Part 3A – language and discretion

Part 2 dealt with the second phase evaluation of tenders; Part 3A deals with the first phase, the examination for responsiveness phase. Having read Part 2 as the ‘heart of the matter’, readers may consider that prior examination would be straightforward; not so. The examination phase is infused by two deep issues: government, and to an extent PPC, muddling of terms and concepts of PPA 2003; and NPTAB’s perception of its own unlimited discretion – both have far-reaching consequences for fairness and transparency, and Part 3 has been sub-divided into four parts to help a clearer narrative. Here demanding readers should keep to hand copies of PPA 2003, the Findings (for GDF wharf) and findings dated December 29, 2023 for a tender to the Hinterland Electrification Company Inc. This Part 3A will deal with muddling of terms.

Examination versus evaluation

The intent of Section 39 in the award process is shown by the side-heading “Examination and evaluation of tenders”. First phase “examination” begins with a list of all bidders submitting tenders; proceeds by an examination or screening process to individual tenders for responsiveness to stated tender requirements; and concludes with a list of bidders who have responded successfully and who will therefore be recommended to the procurement entity as conforming bidders.
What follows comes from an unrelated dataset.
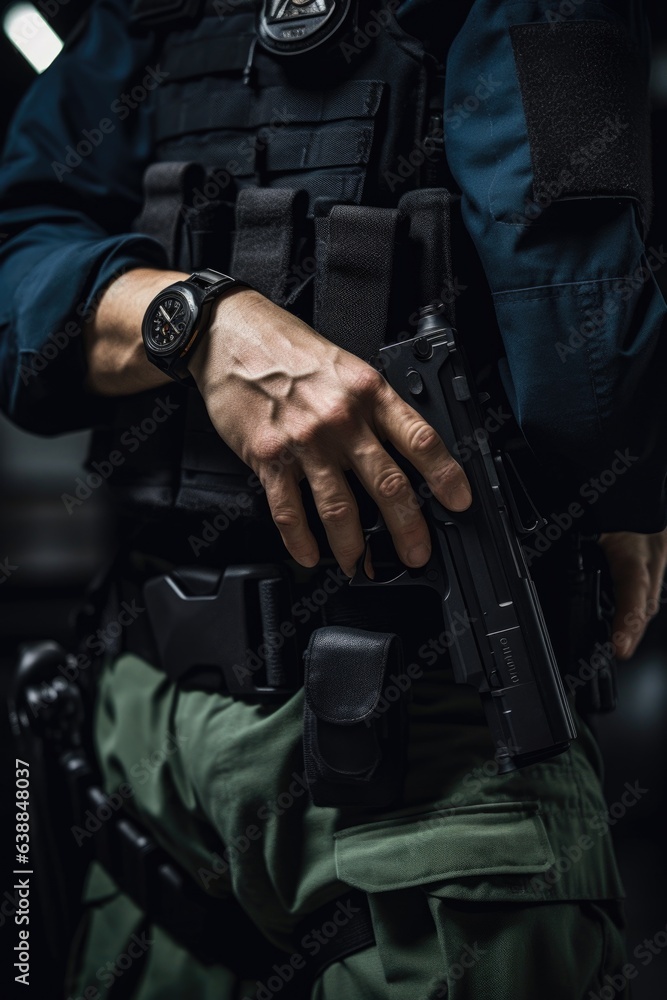 shot of an unrecognizable policeman holding a handgun shot of an unrecognizable policeman holding a handgun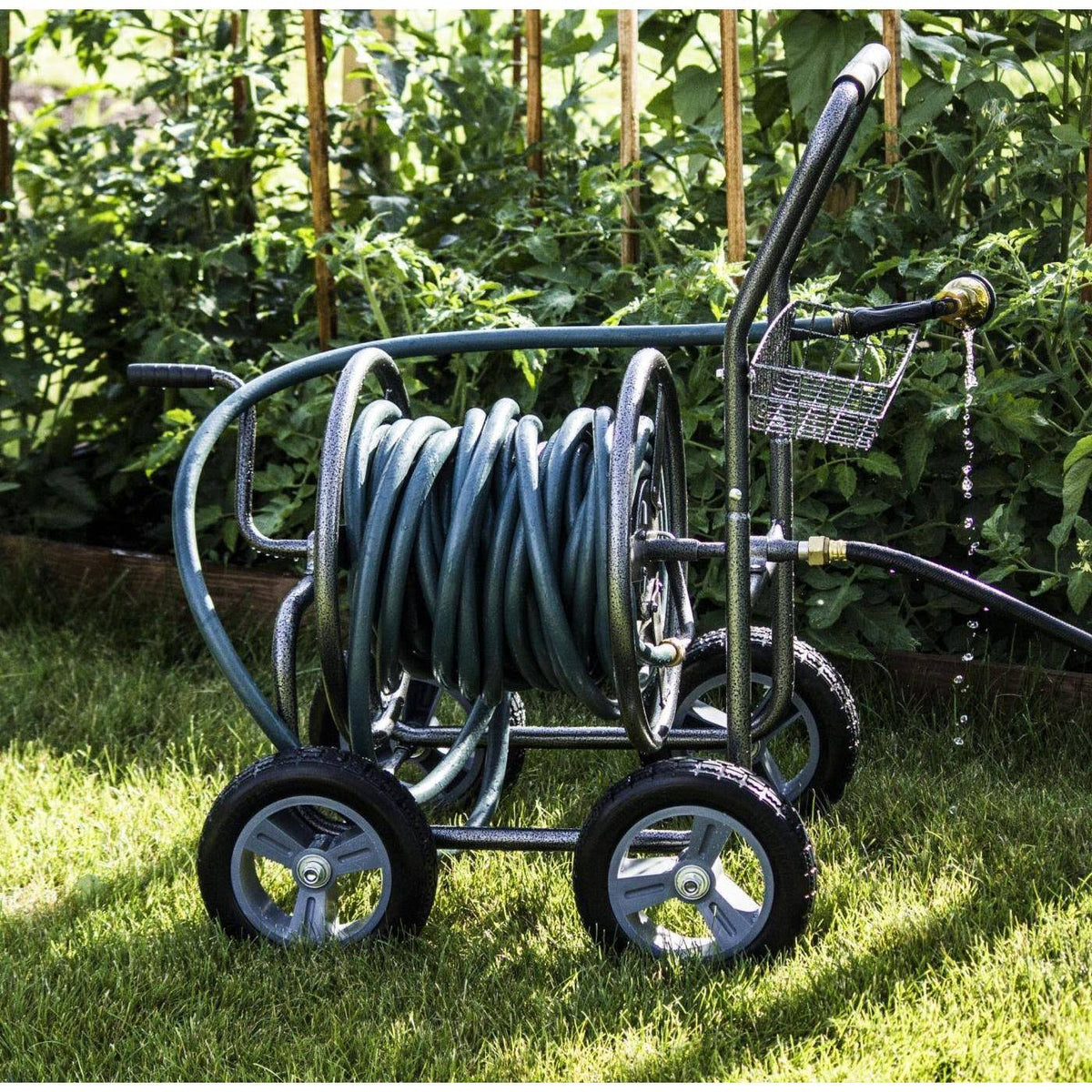 Metal Cart Hose Reel X36144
The procurement entity must be informed of bidders to whom it is bound by conformity contracts: see Part 1, third bookmark (New conformity contracts) SN 2/10/2024.

The second phase “evaluation” on the other hand begins with only conforming bidders (in any order) proceeds with the appraisal and scoring of tenders and concludes with bidders ranked to identify the “lowest evaluated tenderer”, as outlined in Part 2 of this narrative.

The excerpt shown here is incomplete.